The government has now intervened with an Energy Price Guarantee covering, for the non-domestic sector, the six months starting in October. But we need to see more detail to have an idea of how that may work in practice, says Geveke: “Going forward, I imagine more companies will buy on the spot market, rather than locking in a high cost, in anticipation of energy prices going down in the future.”

Geveke is not aware of any plans among EIUG members to relocate parts of their businesses: “Relocation to Europe, for example, doesn’t make much sense as energy prices are high over there, too. In Europe, we have seen the temporary closure of quite a few fertiliser plants, as they operate in international markets and cannot compete with the US or Middle East under such high gas prices.”

Wider scope

Looking at macro policy initiatives that could assist EII companies, Geveke says that the new Price Guarantee will “probably help in the short term,” adding: “The Prime Minister has also announced a temporary removal of green levies – something we have called for, in favour of a permanent redeployment of funding for renewables via direct government funding.”

Meanwhile, research from FSB shows that soaring energy bills are forcing almost half of small businesses to raise prices. A quarter have cancelled or scaled down plans to expand or internally invest, and two-fifths have taken steps to cut energy use – the possibilities being limited for some. However, McKenzie says: “We are concerned that owners are now running out of options. Many tell us they are no longer paying themselves.
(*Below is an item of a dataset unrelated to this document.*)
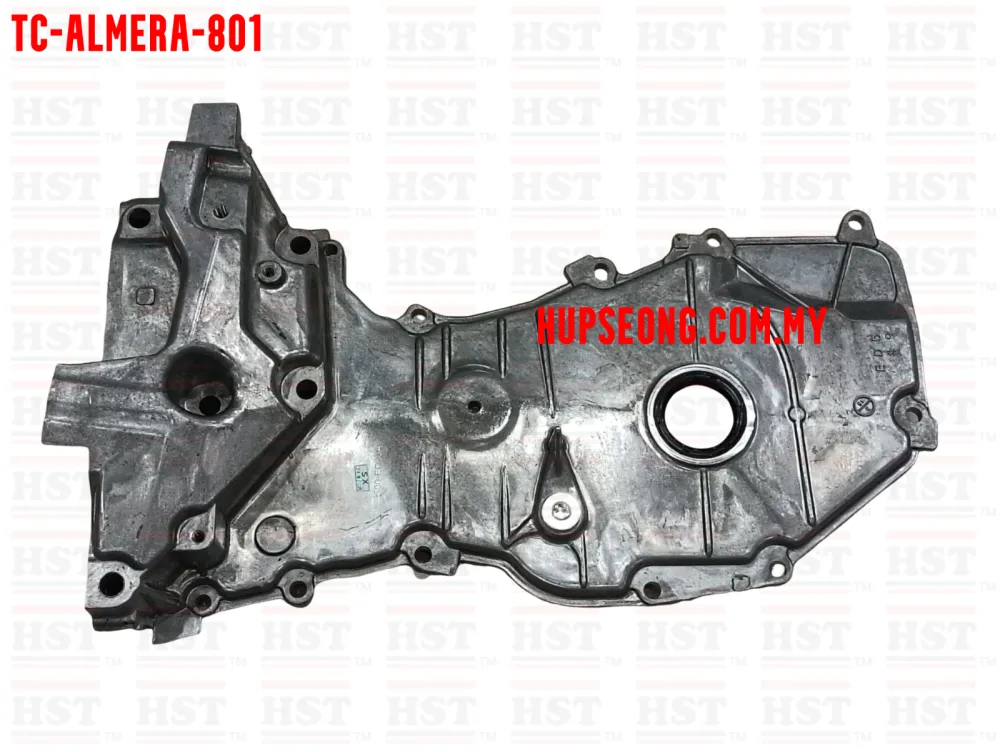 13500-3AA0A NISSAN ALMERA N17 TIMING COVER ALUMINUM (TC-ALMERA-801)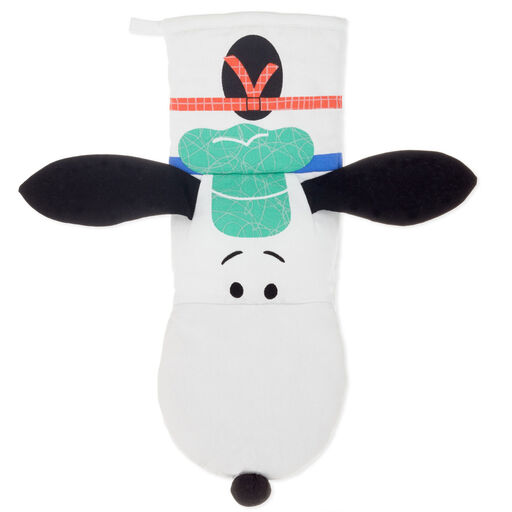 Peanuts® Chef Snoopy Oven Mitt,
That could lead to closing the business for a day or more per week, then laying off staff – the last thing any owner wants to do.”
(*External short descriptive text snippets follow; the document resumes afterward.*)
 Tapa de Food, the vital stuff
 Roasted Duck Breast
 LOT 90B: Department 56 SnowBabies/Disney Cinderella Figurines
She notes that small businesses need confidence to plan for the winter and certainty that energy bills aren’t going to rise so high that they cannot trade profitably. “We’ve called for the price cap’s scope to be expanded from domestic customers to include sole traders, microbusinesses and small businesses, to reduce business’s rates, provide direct cash support for bills and reduce VAT on energy.”

FSB is glad that Liz Truss has taken forward some of its recommendations – and was relieved that small businesses were factored into the energy help plan announced on 15 September. FSB will now work with the new government to clarify the next steps. “Small businesses’ instant reaction is that this is not enough information – yet – for them to plan,” McKenzie stresses. “They want to know how much they will be charged per kilowatt hour.”

Generation game

In the meantime, she says, small businesses should ensure they are using all reliefs available to them – including the Employment Allowance – which FSB successfully campaigned to have increased from £4,000 to £5,000 in the Spring Statement.

With electricity and gas prices continuing to rise, McKenzie suggests: “Look at ways to improve your energy efficiency or generate energy onsite. We’ve called on the government to introduce a £5,000 Help to Green scheme to help businesses with the upfront costs – a proposal we are pleased has now been endorsed by the Institute of Directors.”

In addition, she notes, FSB offers various services to help small businesses lower their overheads, including an insurance broker, legal advice line, finance platform, late-payment support provider and free banking.

Now the government has announced the Energy Bill Relief Scheme, how much difference will this make to the issues Geveke and McKenzie have raised? ICAEW Head of Business Simon Gray FCA says: “The soaring cost of energy continues to be a huge challenge for businesses and, in many cases, threatens their longer-term viability. The detail around the package of support announced on 21 September is welcome news but, as yet, fails to alleviate worries about what happens after six months – and which businesses will continue to receive support after the period ends.

“The planned, three-month review will tell us more – but that won’t relieve concerns now. ICAEW members in manufacturing, one of the most energy-intensive sectors, have welcomed the support package to help businesses through the winter. But fears over what will happen in early 2023 remain – and companies have called for continued attention on sustainable solutions to incentivise green transformation. The package may treat the symptoms – but what’s really needed is a cure.”